[The Bravest of the Brave by G. A. Henty]@TWC D-Link bookThe Bravest of the Brave CHAPTER XV: THE RELIEF OF BARCELONA 21/23
But a few weeks before it had seemed that Spain was his, and that the forces at his disposal were ample to crush out the insurrection in Barcelona, and to sweep into the sea the handful of the invaders.
But all his plans had been baffled, all his hopes brought to naught by the genius and energy of one man, in spite of that man being thwarted at every turn by the imbecile German coterie who surrounded the king, and by the jealousy and ill will of his fellow generals. Bad news met the fugitive at Roussillon.
There he heard that his countrymen had suffered a disastrous defeat at Ramillies; that nearly all the Netherlands had been wrested from France; that a heavy defeat had been inflicted upon her at Turin, and that Italy was well nigh lost. It needed, indeed, but the smallest amount of unanimity, enterprise, and confidence on the part of the advisers and generals of King Charles to have placed him securely and permanently upon the throne of Spain.

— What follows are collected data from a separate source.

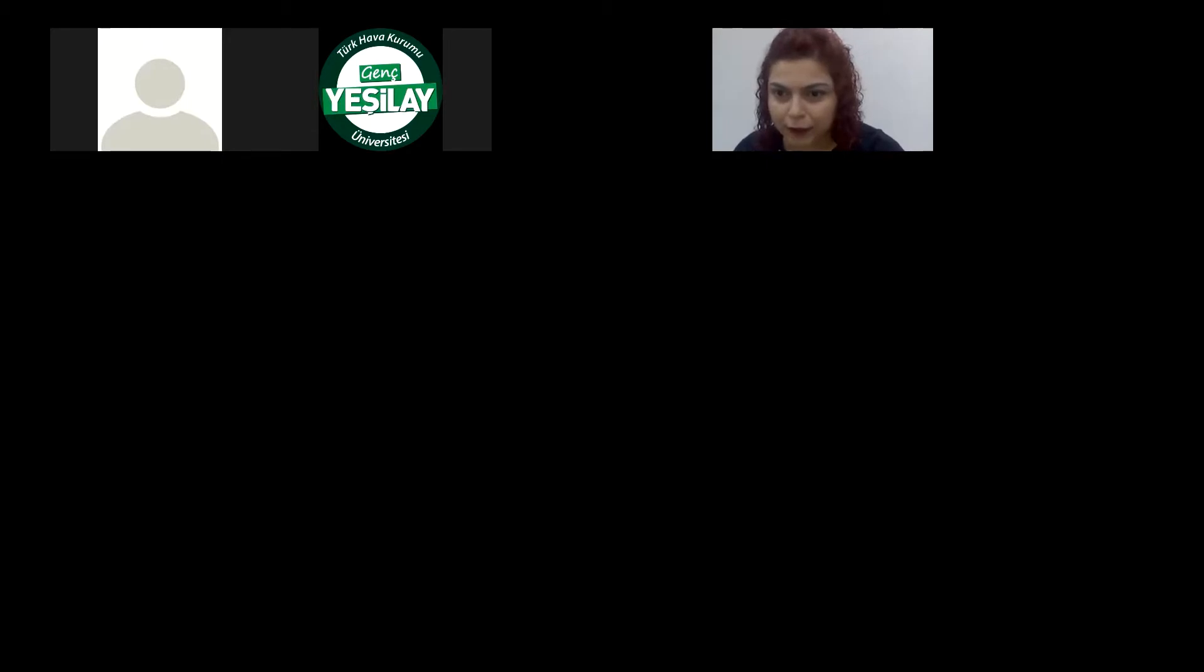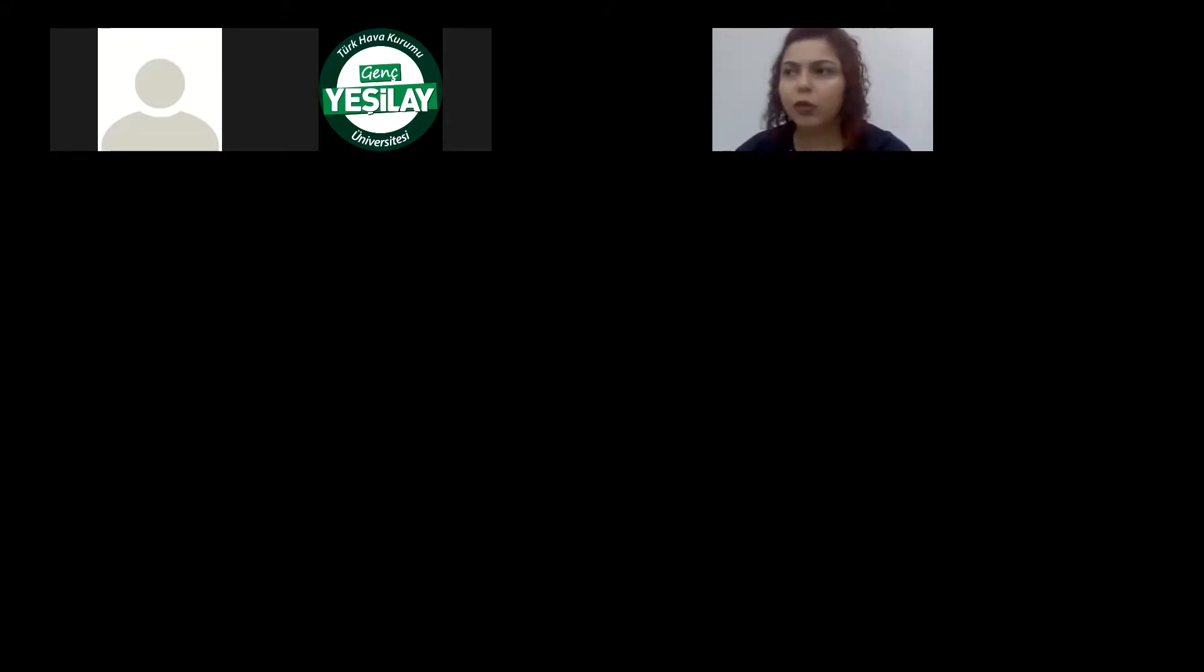Hiç alkol kullandınız mı? Yalan söylemeyeceğim, kullandım. Deneme amaçlı kullandım. Ama eğer faydalı bir şey olduğunu düşünseydim sürdürürdüm. Ama faydalı bir şey olduğunu düşünmüyorum. Hangi üniversiteden mezunum? Yalova Üniversitesi Sosyal Hizmet Bölümünden mezunum. Doktoramı İstanbul Üniversitesi Cerrahpaşa'da sürdürüyorum.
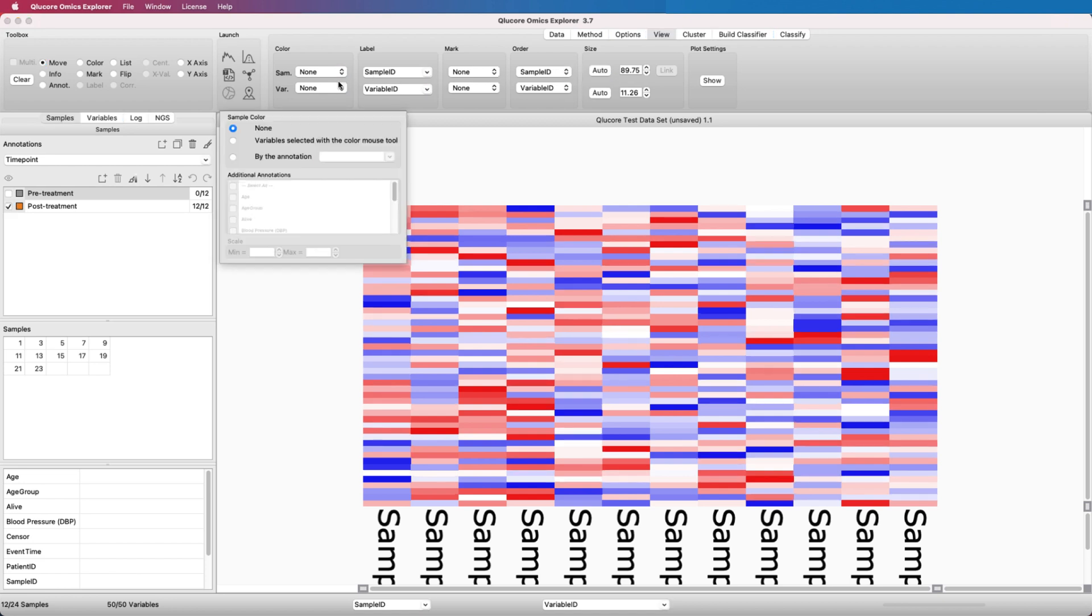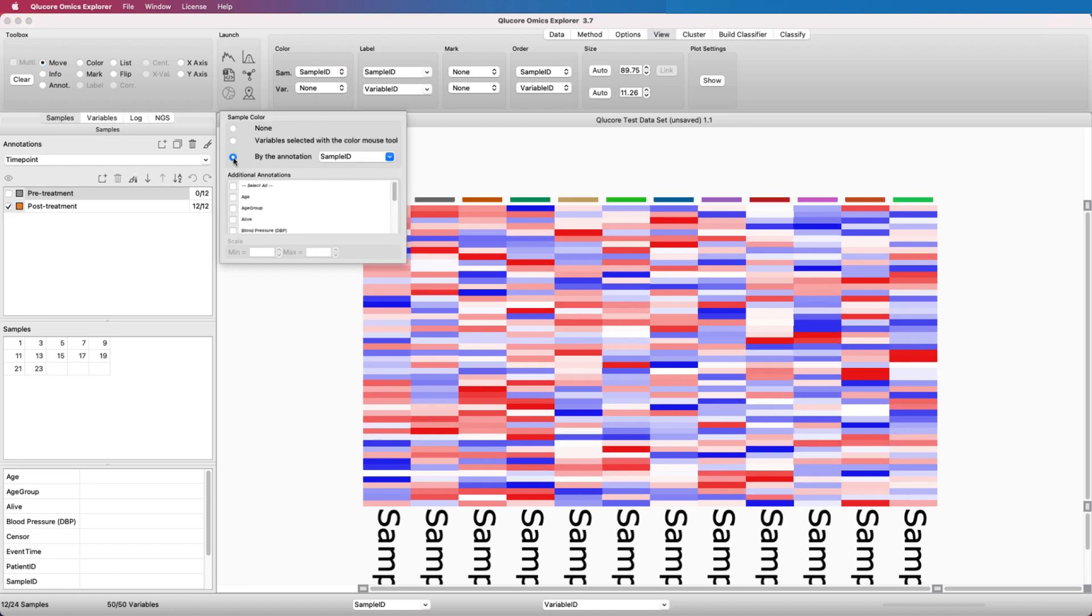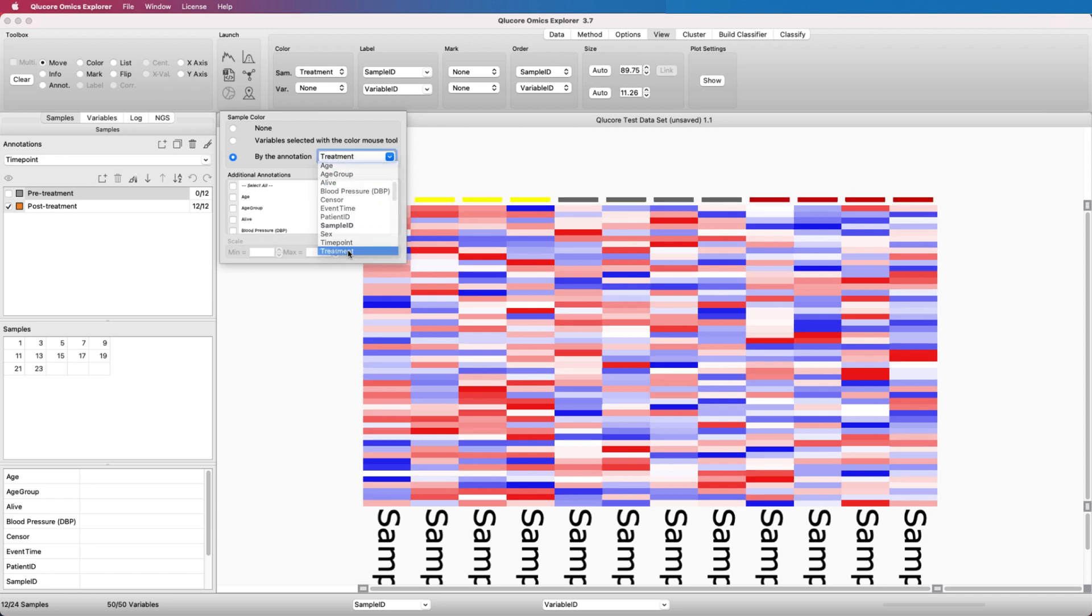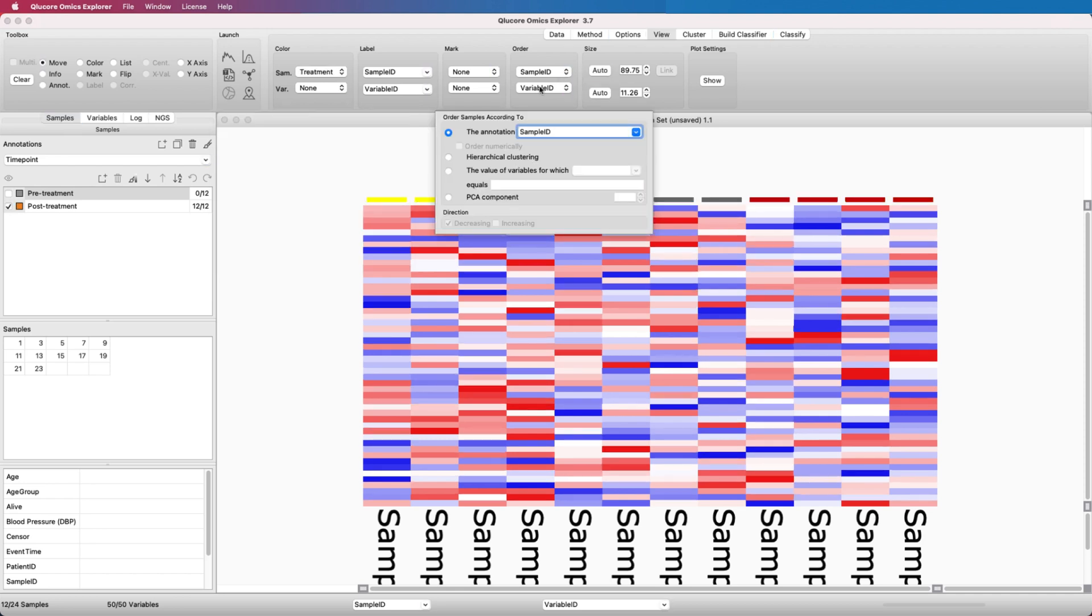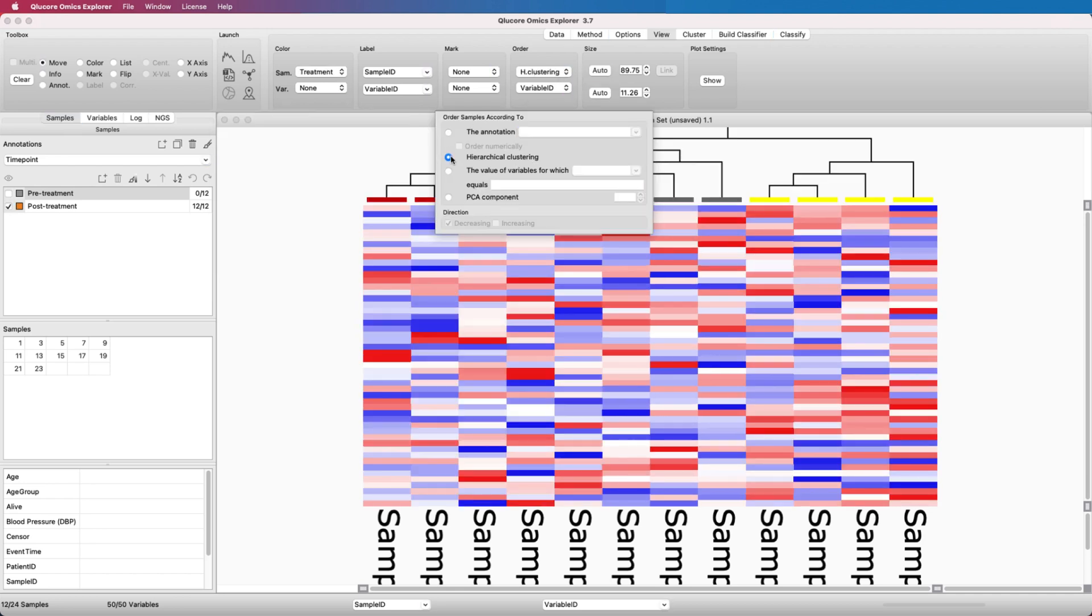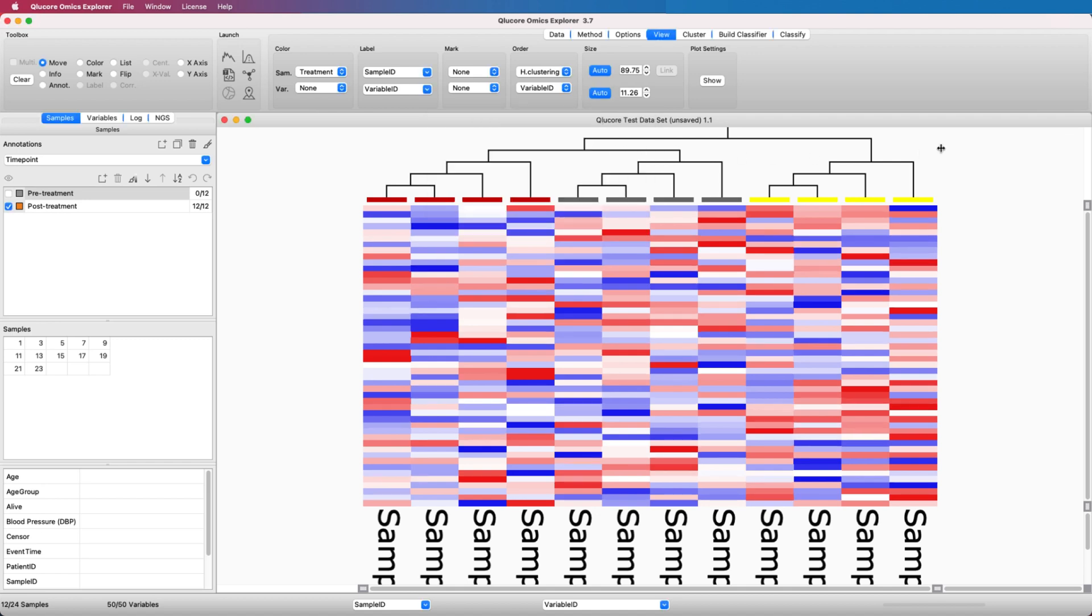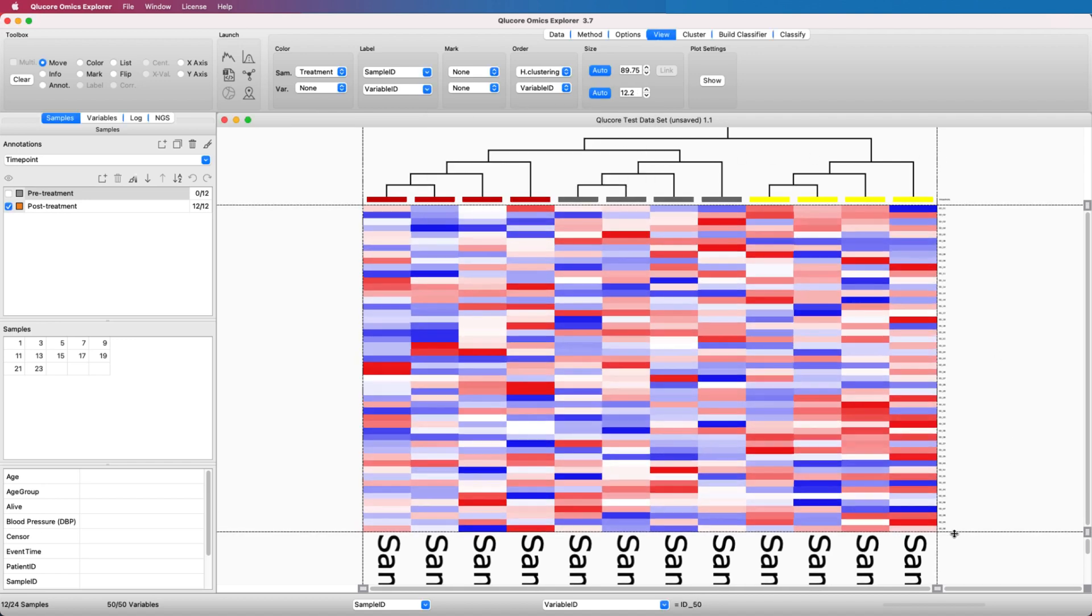Then we color the samples, the columns in the heatmap, according to the sample annotation treatment, and order them according to hierarchical clustering to be able to easily detect that the statistical test discriminates the groups as expected.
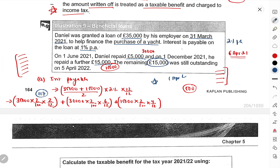Now a more complex case: what if the employer first gave the employee the asset for use, and then later permanently transferred it? For example, employer gave an employee a car in 2017 for use. The employee used it in 2017, 2018, 2019, 2020, and in 2021 the employer gifted it permanently. In this case, if we tax the employee at full original cost, that's unfair because the employee already paid tax on the annual 20% benefit every year while using it.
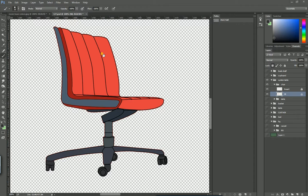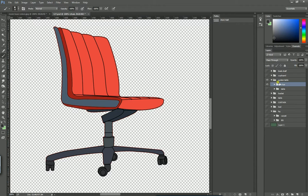So this is how we paint each and every object. In the next lesson I am going to show how to paint the other objects - it will be fast and easy. Thank you.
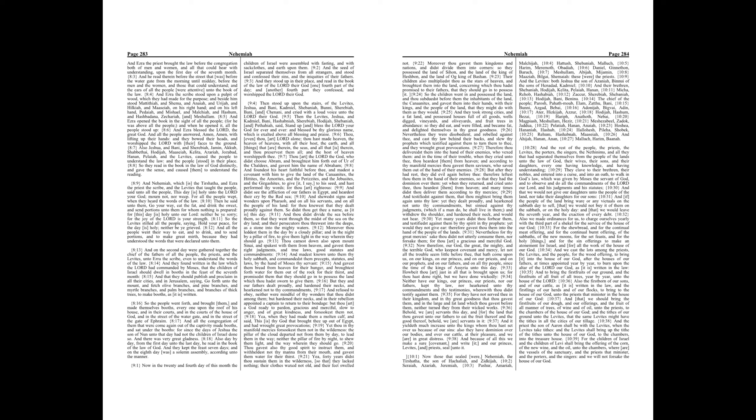So the people went forth, and brought them, and made themselves booths, every one upon the roof of his house, and in their courts, and in the courts of the house of God, and in the street of the water gate, and in the street of the gate of Ephraim. And all the congregation of them that were come again out of the captivity made booths, and sat under the booths, for since the days of Jeshua the son of Nun unto that day had not the children of Israel done so. And there was very great gladness. Also day by day, from the first day unto the last day, he read in the book of the law of God. And they kept the feast seven days, and on the eighth day was a solemn assembly, according unto the manner.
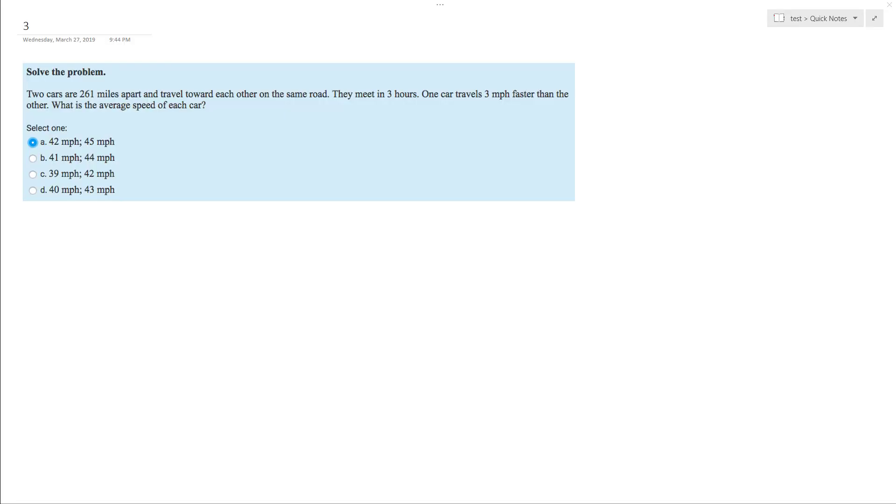So what we have here is two cars that are 261 miles apart, driving towards each other. They meet in three hours. And one car is traveling three miles an hour faster than the other. So basically what we have here is 261 miles total. They are driving towards each other.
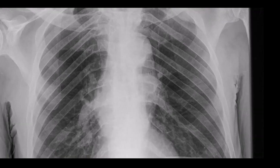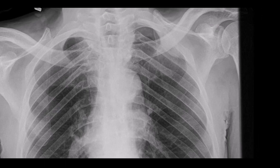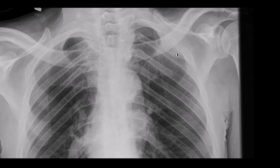Therefore, the impression for this examination is that there is a pleural-based mass in the left upper lung with adjacent rib destruction. There is superior mediastinal widening, some of which may be vascular, although there is suspicion of mass or adenopathy higher up in the mediastinum.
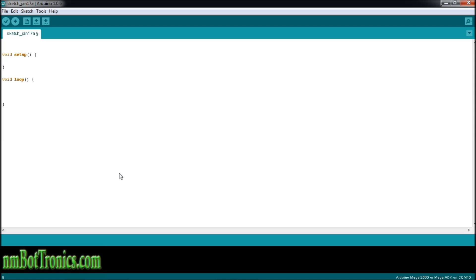Let's check out how this is set up. We have do, and then we're going to have our curly brackets. Inside our curly brackets we have our statement block. And down at the end, we're going to have our while, with parentheses open and closed. Inside these parentheses is where our condition is going to be.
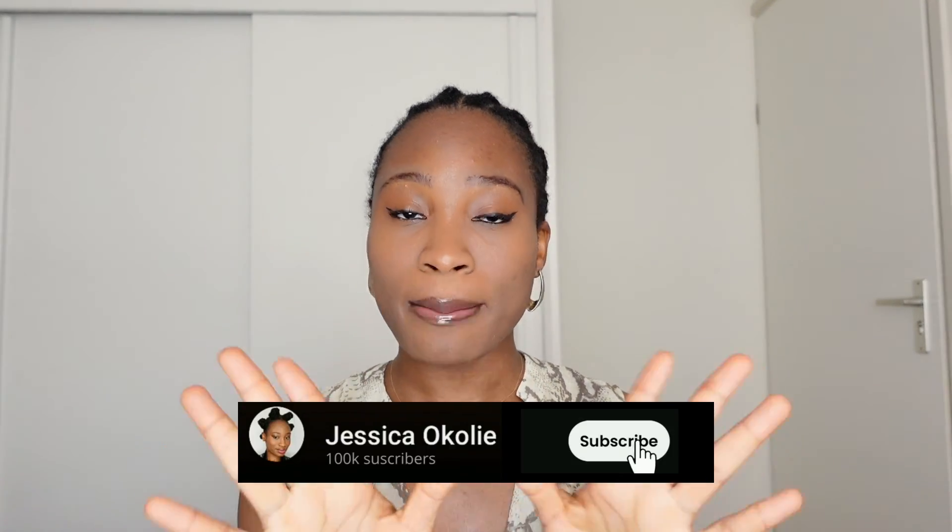And for more useful AI tutorials like this, click on this playlist here and I will see you in my next video. Make sure you like and subscribe. Okay. Don't forget. Bye.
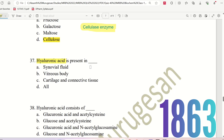Question 36: Hyaluronic acid is present in which parts of the body? The choices are: Synovial fluid, Vitreous body, Cartilage and connective tissue. Synovial fluid is found in joints. Hyaluronic acid is present in the vitreous body, in cartilage and connective tissue, and in the joints.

When the flight of the besieging army was discovered after daybreak by the besieged, they poured out from Barcelona into the deserted camp.
All the ordnance and stores of the French had been abandoned.
Two hundred heavy brass guns, thirty mortars, and a vast quantity of shot, shells, and intrenching tools, three thousand barrels of powder, ten thousand sacks of corn, and a vast quantity of provisions and stores were found left behind in the camp.